Commentary. There has been a great shifting of names by botanical authorities of late, with regard to the Gnaphalia and the cognate genera. It seems now agreed that the medicinal cotton-weed of the ancients shall be called Otanthus maritimus, Link. Our author borrows from Dioscorides and Galen, who both give exactly the same character of this plant, and this it retained down to a very recent period. See Quincy.
Γογγυλὶς,
Rapum, Turnip; the root and seed are flatulent, promote the formation of semen, and rouse to venery.

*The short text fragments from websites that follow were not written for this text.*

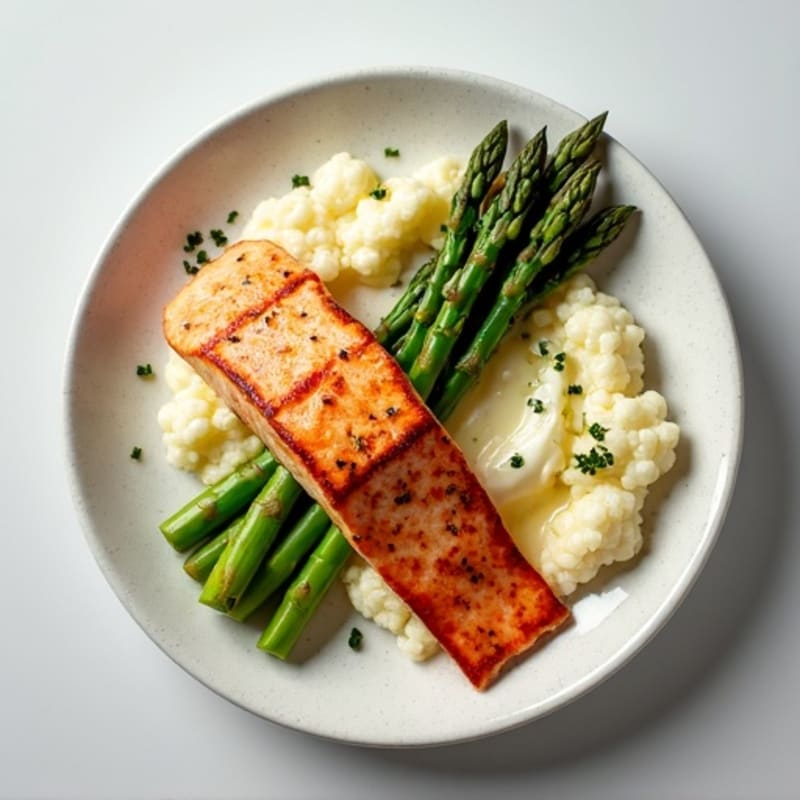 Seared Salmon with Steamed Asparagus and Garlic Mashed Cauliflower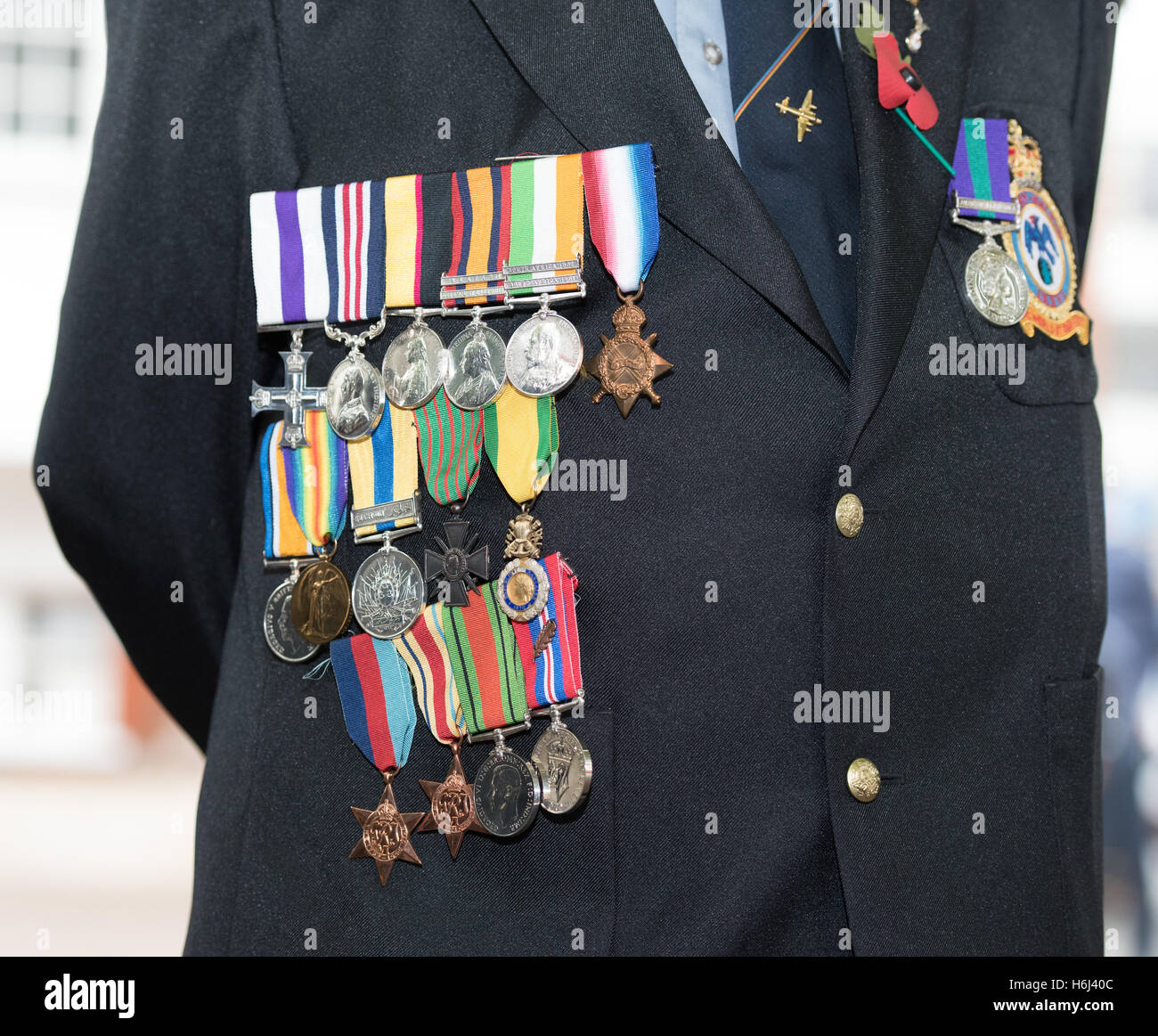 Brentwood, Essex, 29 ottobre 2016 veterano mostra fuori i suoi e i suoi nonni medaglie al papavero giorno di lancio, Brentwood, Essex Credit: Ian Davidson/Alamy Live News Foto Stock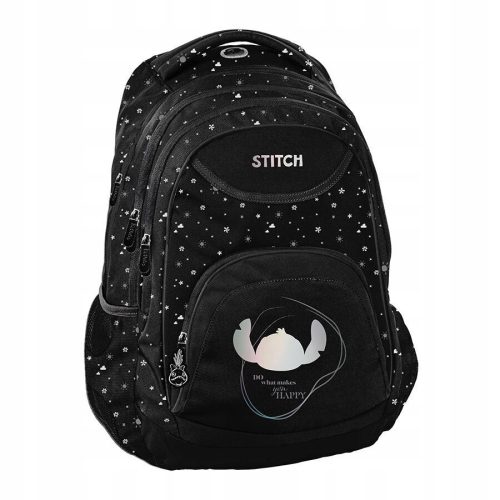 BeUniq Stitch "Makes You Happy" Black Backpack - Ideal for School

Commentary. The predominance of authority has determined us, after a good deal of consideration, to set this down as the Brassica Napo-brassica, the navew, or French turnip. All the authorities, in a word, from Dioscorides downwards, held it to be aphrodisiacal. Dioscorides holds it to be a sovereign remedy for chilblains in fomentation, cataplasm, or prepared thus: a turnip is to be scooped out in the middle and filled with rose-cerate, which is to be melted by placing the turnip in hot ashes, when it forms an excellent application to ulcerated chilblains. (ii, 134.) Pliny likewise says of the turnip, “Est et rapo vis medica. Perniones fervens impositum sanat.” (H. N. xx, 9.) A roasted turnip is still a popular remedy in Scotland for chilblains. Galen, Aëtius, and Oribasius give brief descriptions of the gongylis, and from them our author copies. Celsus treats of the napus and rapum only as potherbs. The Arabians give a confused account of the matter; Avicenna under brassica, and Serapion under rapa. (De Simpl. 191.) Rhases, translating the 134th chapter of Dioscorides, renders gongyle by Rapa rotunda. (Cont. l. ult. 557.) Altogether it appears to us strange that some of our late authorities should have referred the gongylis to the Brassica oleracea. See Dierbach (Mat. Med. Hippocrat.) The introduction of the different varieties of the latter into gardening is a very curious but difficult subject. See Beckmann (Hist. of Invent.), and Loudon (Encyc. of Garden. 674.)
Γορδύλιον,
Gordylium (called also by some Seseli), is hot, diuretic, and emmenagogue. The root of it, when taken in a linctus, with honey, promotes expectoration.
Commentary. Most probably it is a species of Seseli. Either our author or some copyist of his works has evidently been guilty of the mistake of writing gordylion for tordylion. See the chapter of Dioscorides on the tordylium (iii, 56.)
Γύρις,
Pollen, Fine Flour, resembles starch in its properties, but is weaker.